Considered the unicorn of sharpening stones, the Naniwa Choera 10000 (刀剑用) was one of the most expensive synthetic sharpening stone out there. It was designed for sword sharpeners as finishing stones, providing an exceptional feedback and cutting performance that rivals many natural stones. It was also prohibitively expensive. With the introduction of the Arata line, it is now much easier to get one!
The Naniwa Gouken line represent a new product offering philosophy from Naniwa, one of the most reputable sharpening stone manufacturers.

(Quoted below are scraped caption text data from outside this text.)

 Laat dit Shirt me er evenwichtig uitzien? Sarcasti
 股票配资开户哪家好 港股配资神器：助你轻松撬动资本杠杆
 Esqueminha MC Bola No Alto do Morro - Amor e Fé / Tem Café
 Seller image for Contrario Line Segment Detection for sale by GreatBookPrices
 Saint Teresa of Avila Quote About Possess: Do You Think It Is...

For as long as I could remember, the Naniwa Chosera line represents the holy-grail of sharpening stones for kitchen knives: very fast cutting power, slow dishing and most importantly offering a very very gentle sharpening feedback that was not seen in other stones. The stone is huge in size (25mm thick, with the 10K over 30mm), and is mounted on a traditional base, and there is a free HUGE Nagura (cleaning stone) comes with the package
(The class Chosera is too big to ship)
If you ask me, what is the problem with the Chosera line? Well the single biggest problem for us, the vendors, is that the stone is simply too big to ship: at 210x70x25mm, the stone is too heavy and to be honest, even in commercially environment like the store, we don’t wear out a Chosera that quick, for an average user it is even less likely to wear one out in a reasonable time. The included nargura doesn’t help either as it contribute to a lot of weight with virtually no use at all (most of us use diamond plates or natural naguras anyway).

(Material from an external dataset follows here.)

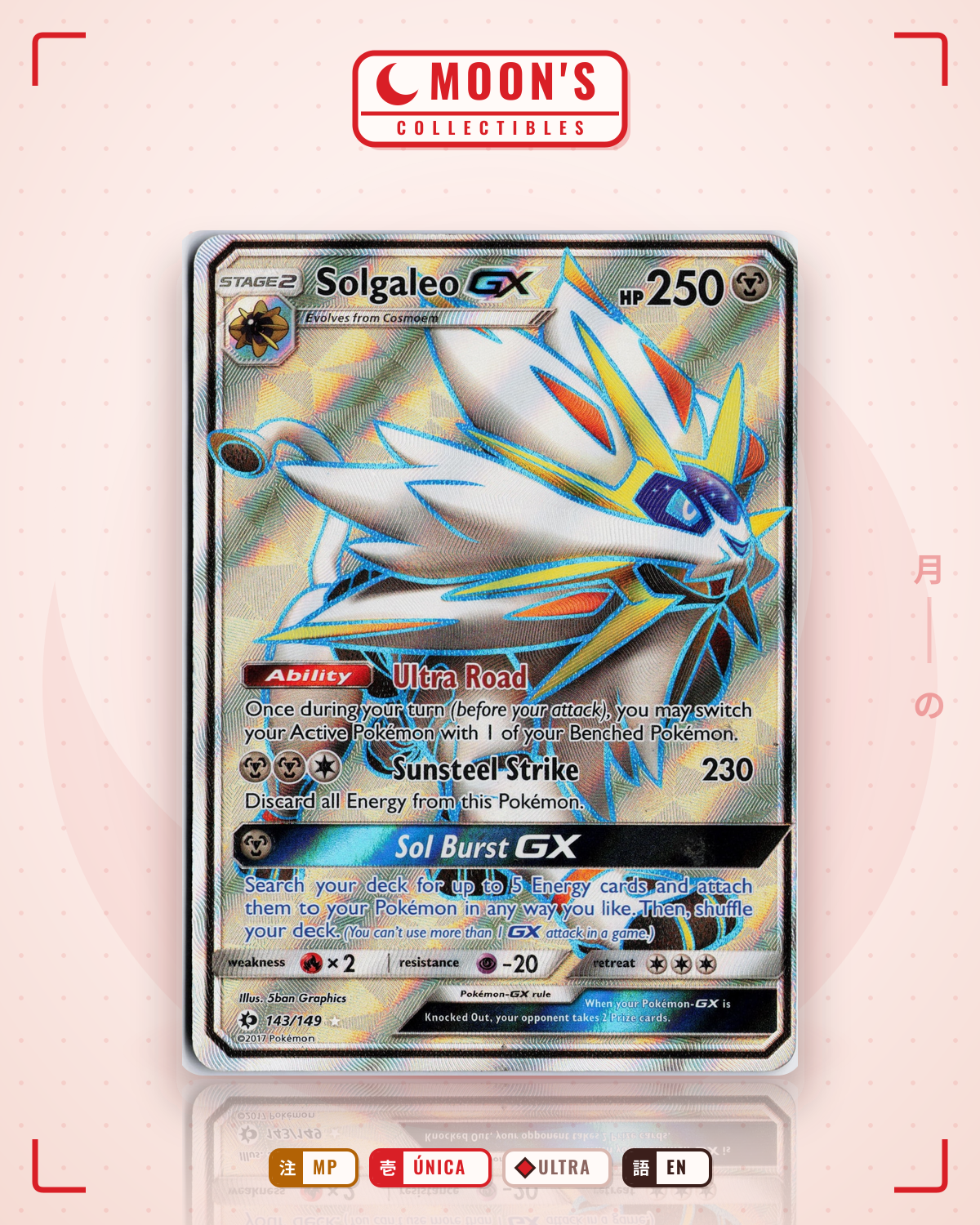 Carta Pokémon Solgaleo-GX · Sun & Moon #143/149 (MP) — pieza única en Moon's Collectibles México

At over 2KG in shipping weight, the cost of international shipping becomes prohibitive. If we want to make sure the package lands safely (a cracked stone for an international order is a DISASTER!), a lot of padding must be added, resulting in the volumetric weight sometimes exceeding 3KG.
Plus, so many customers asked the question of “Do you offer the Chosera without base?”
To adjust the above-mentioned problems, the Gouken line was introduced. Currently there are two sub-labels under the Gouken branding. The Arata and Kagayaki.
The simplest way to describe: the Gouken Arata is the slime version of a (improved) Chosera that is same surface size but thinner (15mm); without the not-so-useful nagura and comes with a “removable” base (the box) rather than a permanently mounted to a base. My experience with the Arata is that it feels identical to Chosera yet is much easier to store or carry around. You could almost regard the Arata as the much-better-alternative to the Shapton Kuromaku.
1. The Chosera is always gentler to the blade, yet the speed is about the same to the Kuromaku;
2. The Arata have a 3000 grit offering, which is one of the most important mid-high grit stone yet it is missing in the Kuromaku.
3. The Chosera 5000/1000 is considered the best of the best yet Kuromaku doesn’t perform that well in high grits.